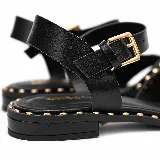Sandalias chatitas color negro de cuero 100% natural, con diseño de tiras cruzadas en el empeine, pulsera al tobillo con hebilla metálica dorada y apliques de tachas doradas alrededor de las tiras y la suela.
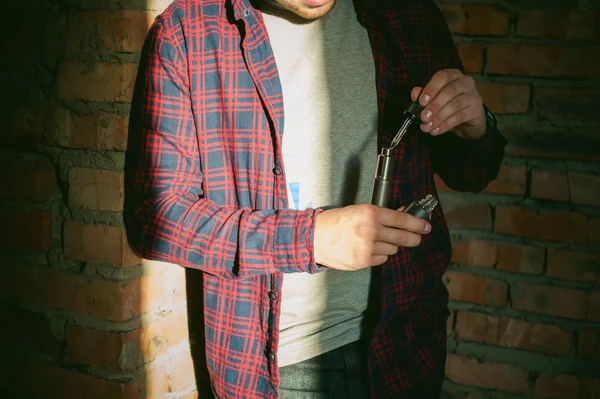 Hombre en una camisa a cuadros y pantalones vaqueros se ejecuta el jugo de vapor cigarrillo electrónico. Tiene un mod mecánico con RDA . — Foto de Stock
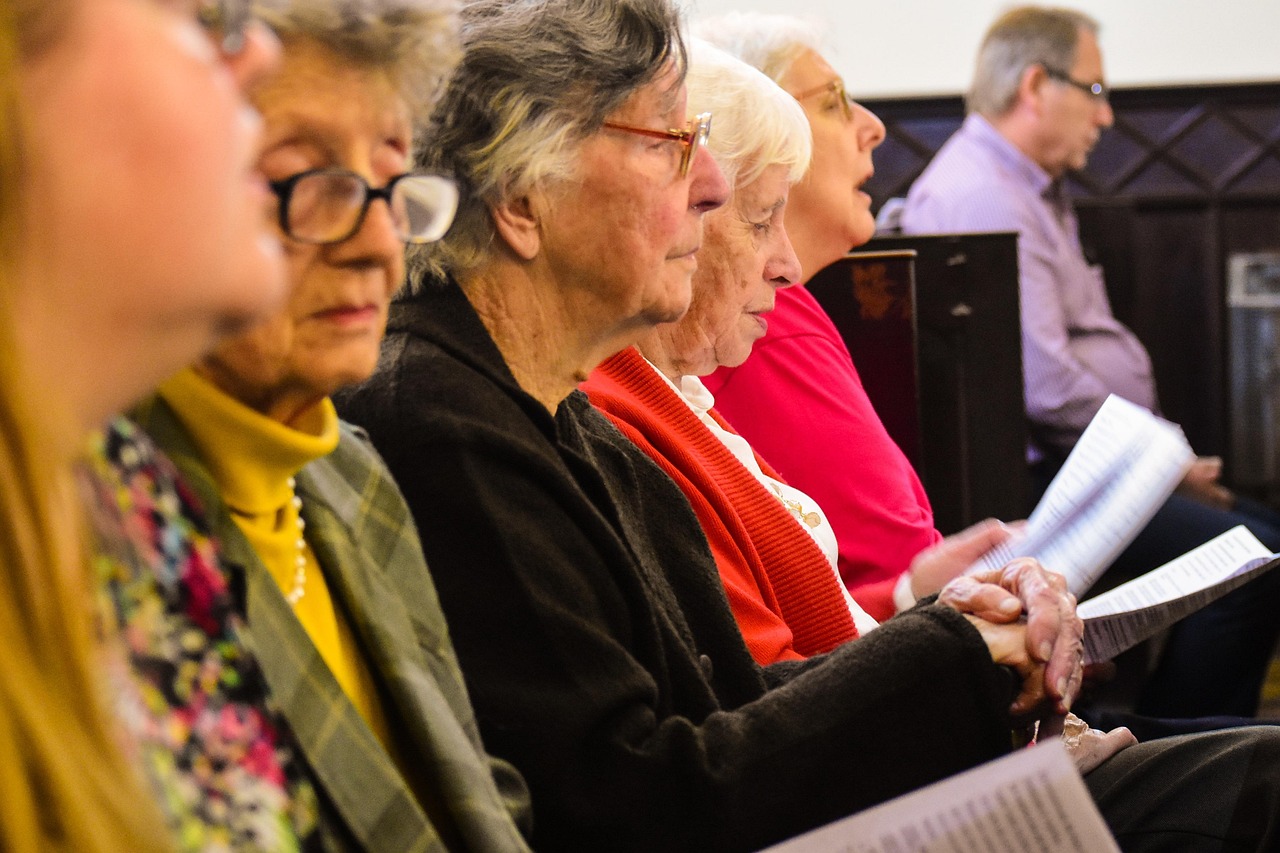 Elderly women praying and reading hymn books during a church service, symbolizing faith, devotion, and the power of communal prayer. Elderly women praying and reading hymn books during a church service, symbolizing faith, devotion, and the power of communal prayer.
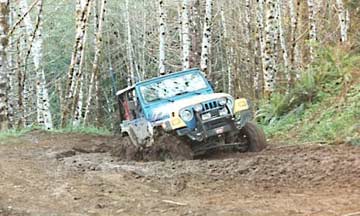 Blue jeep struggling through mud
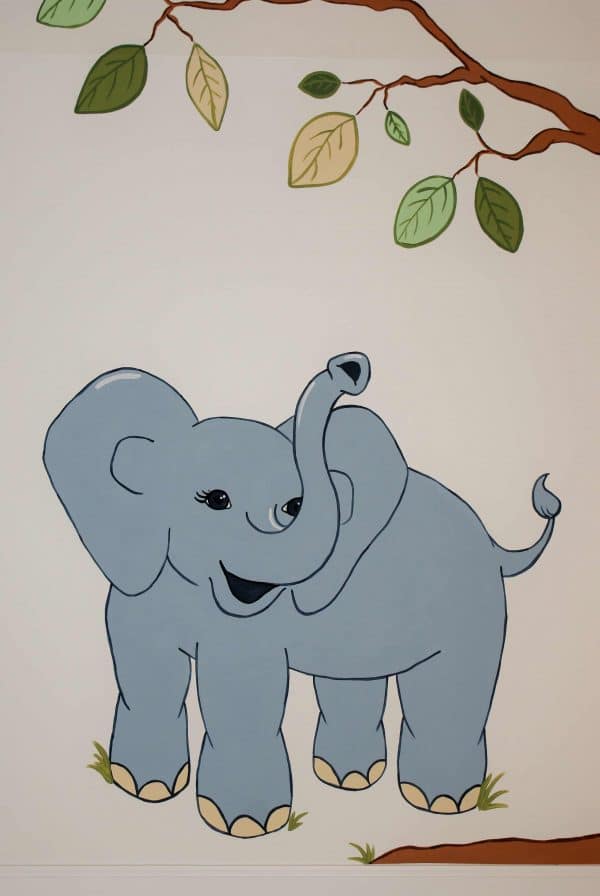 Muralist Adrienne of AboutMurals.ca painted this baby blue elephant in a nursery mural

Exercise requirements → Reprint the listing above verbatim but drop the images.

Written answer →
Sandalias chatitas color negro de cuero 100% natural, con diseño de tiras cruzadas en el empeine, pulsera al tobillo con hebilla metálica dorada y apliques de tachas doradas alrededor de las tiras y la suela.
 Hombre en una camisa a cuadros y pantalones vaqueros se ejecuta el jugo de vapor cigarrillo electrónico. Tiene un mod mecánico con RDA . — Foto de Stock
 Elderly women praying and reading hymn books during a church service, symbolizing faith, devotion, and the power of communal prayer. Elderly women praying and reading hymn books during a church service, symbolizing faith, devotion, and the power of communal prayer.
 Blue jeep struggling through mud
 Muralist Adrienne of AboutMurals.ca painted this baby blue elephant in a nursery mural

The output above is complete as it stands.